ミニマリズムの終焉・・・がいよいよ現実となってきた。
コロナ禍でサプライチェーンに支障を下して、モノ不足となって、
日本でも物価が上昇するという内容のはずでして。
原油価格の高騰に加えて、アメリカでインフレ懸念長期化と長期金利の上昇で
円安ドル高となったため、石油などの原材料が値上がり始めています。
日本銀行が毎月発表している企業同士が売買するモノの価格動向を示す
「企業物価指数」を見ると、11月の国内企業物価指数(2015年平均=100)
は108.7と前年同月より9.0%も上昇しました。
これは比較可能な1981年1月以降で最大の数値です。前年同月比のプラスは9ヶ月連続。

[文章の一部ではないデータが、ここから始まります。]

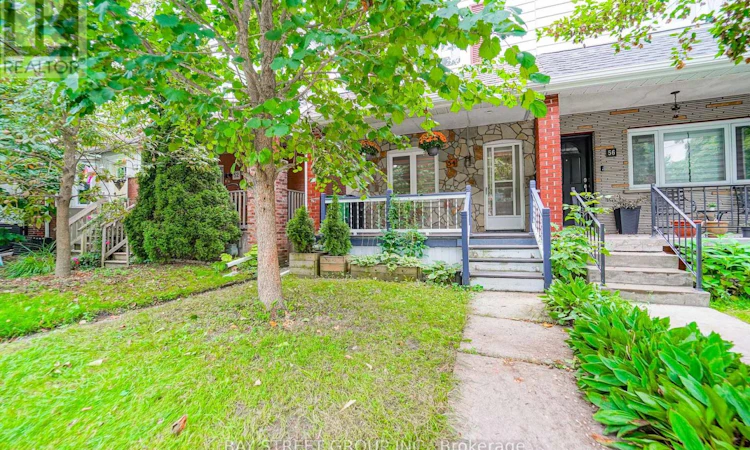 54 Thyra Avenue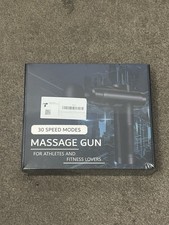 Massage Gun 30 Speeds 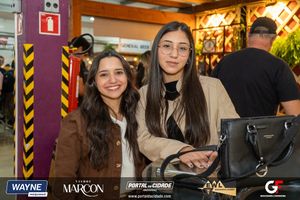 32&ordf; Expofica - Exposi&ccedil;&atilde;o e Feira Industrial e Comercial de Andradas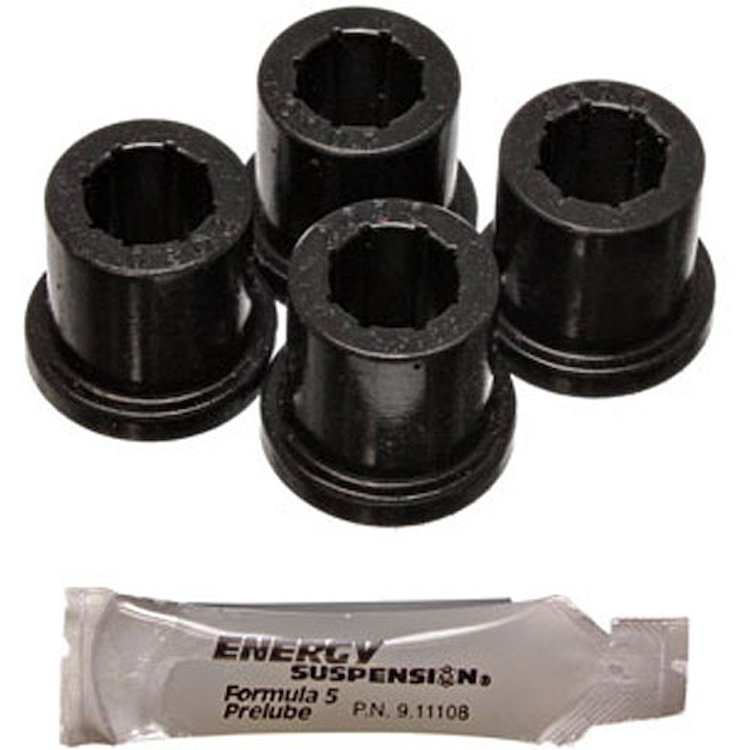 RR SPRING FRAME SHACKLE KIT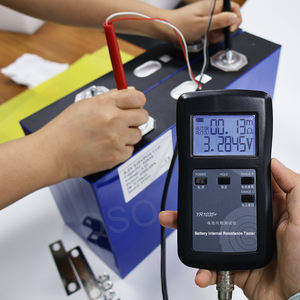 Celda de Batería de Litio Lifepo4 QSO 8000 Cycle Evemb56 MB56 628Ah 3.2V Grado A 4nrgy Pl Mb65 625Ah Lipo4 628Ah Lifepo4 660AH - Product Image 4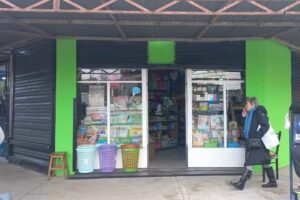 Perfumeria Las Chicas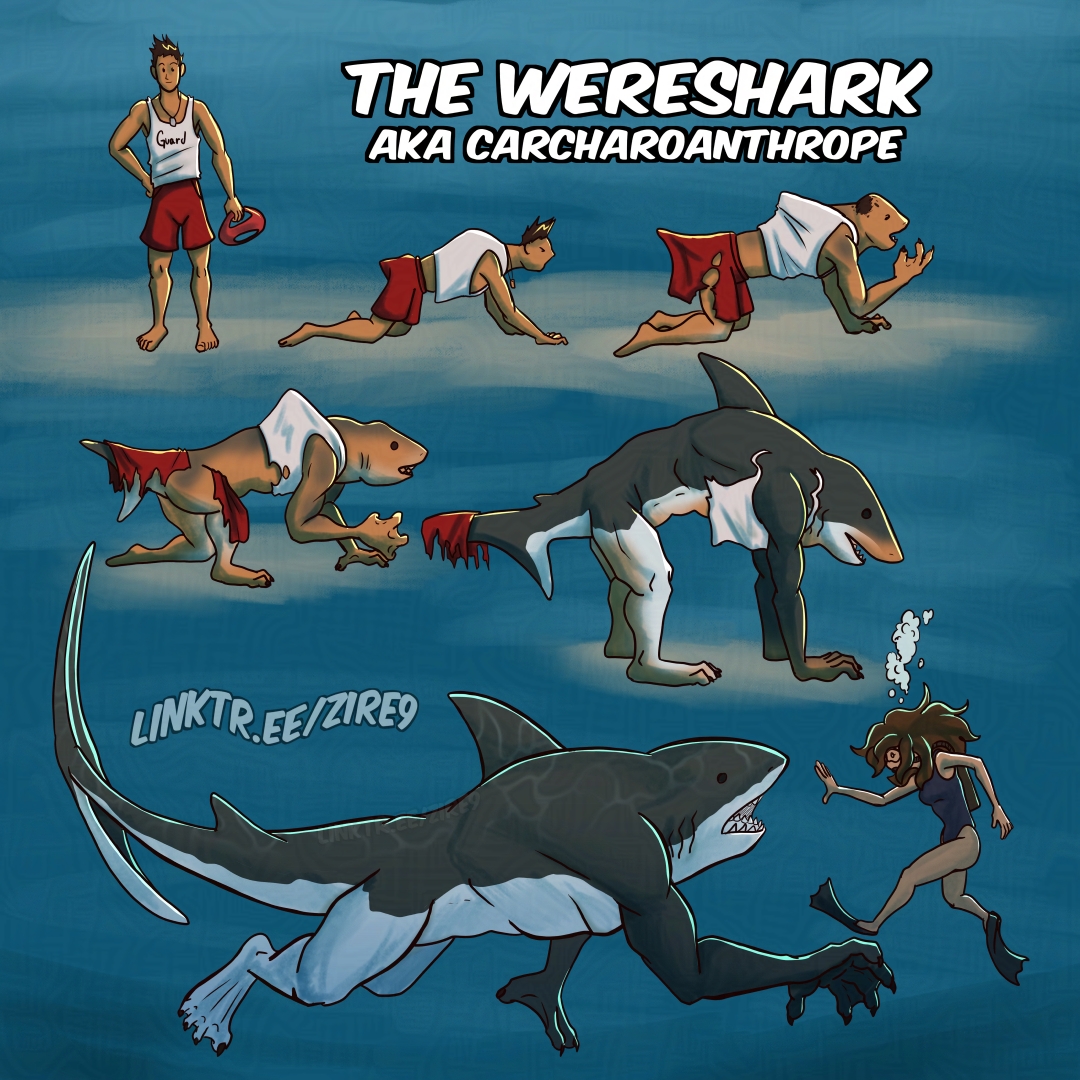 Some trivia about these two He's a life guard, she's a marine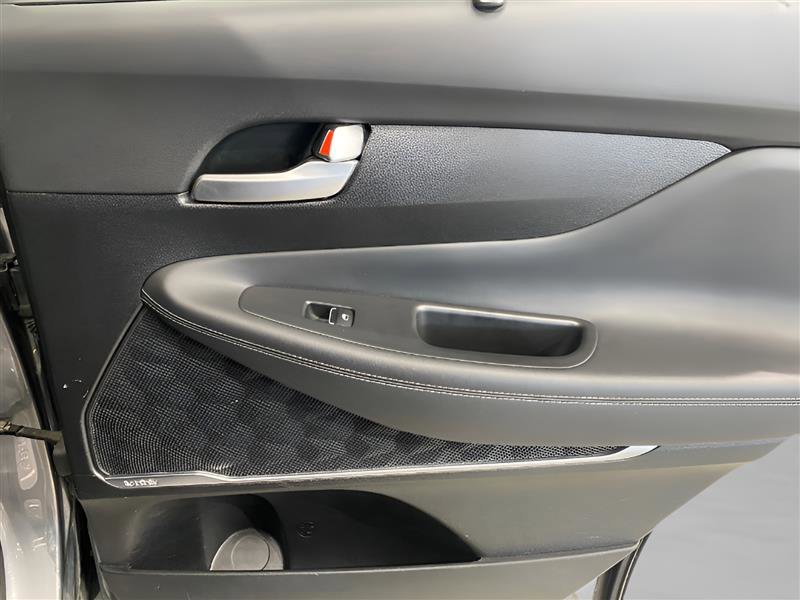 Used 2019 Hyundai Santa Fe Limited image 27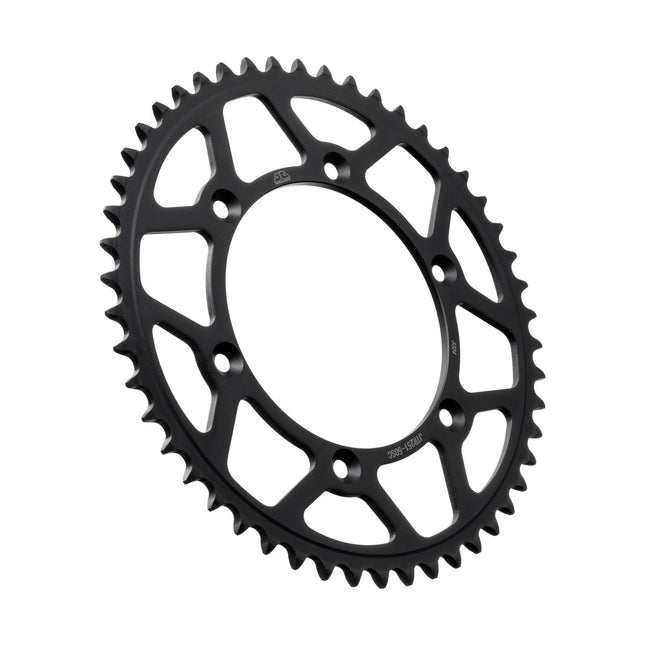 Rear Sprocket Steel JTR251.50SC, Lightweight Self-cleaning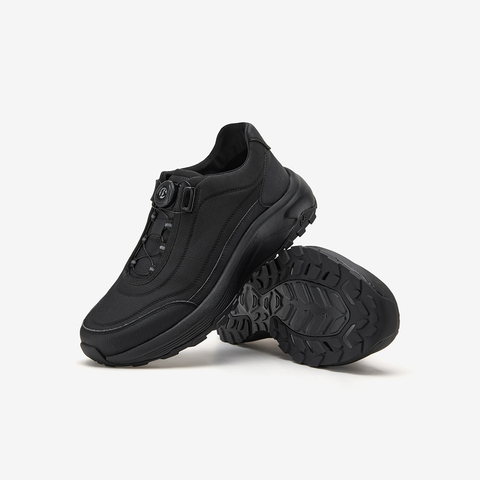 Bata高帮鞋男2025冬季商场新款日常通勤时尚休闲运动鞋ESH26DD5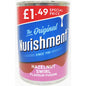 Dunns Nurishment Hazelnut Swirl Soft Drink 400g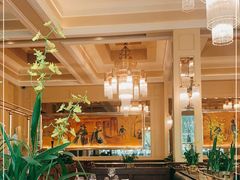 大堂-福楼法餐厅FLO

このなかから、生産活動のため使用・消費される「国内需要財」について、
需要段階別に、未加工の農林水産物や燃料などの「素原材料」、加工過程を経た製品の
「中間財」、最終製品の「最終財」に分類した各段階の指数に注目。
これを見ると価格波及のプロセスがよくわかります。
まず、国内需要財の物価指数は110.1と、前年同月より16.9%の上昇、
前月比では、1.8%の上昇となっていますが、素原材料の物価指数をみると144.6と前年同月より74.6%も上昇、前月比でも8.6%の上昇となって、尋常ではない上昇率が続いている。
ところが、中間財の物価指数をみると、111.4と前年同月より15.7%の上昇、
前月比では1.0%の上昇となっているが、素原材料ほどの上昇は見られません。
これが最終財になると、物価指数は98.7と前年同月より4.6%の上昇、前月比では0.4%の上昇と、
かなりマイルドな上昇に留まっている。
これを見ると、原材料が高騰するなか価格転嫁が一向に進んでいない様子をうかがい知ることができます。
日本では商品の加工工程や流通経路が整備されていて、中間業者が何重にも緩衝材となることで、
消費者に届くまでにコスト上昇圧力を緩和させてきたんです。
ともあれ、繊維業界でも10月ごろから繊維メーカー各社が相次いで価格改定のプレス発表をしています。
人権問題への懸念から世界的に新疆(しんきょう)綿を避ける動きが強まったこともあって、
年初から綿花相場が高騰していて、さらに大きなコスト上昇圧力がのしかかってきた格好です。
しかも川中や川下の中小零細企業の多くがコロナ禍で疲弊しているため、今回ばかりは
価格転嫁が不可避という事態に直面しています。
そこかしこから悲鳴が聞こえてきそうです。だからといって、安易な価格転嫁は取引先に
負担を強いるため、できるだけ無理のないように配慮したいところです。
どのタイミングでとの程度の価格転嫁をしていくべきなのでしょうか、板ばさみの川中の
事業者にとっては非常に頭が痛い問題ですね。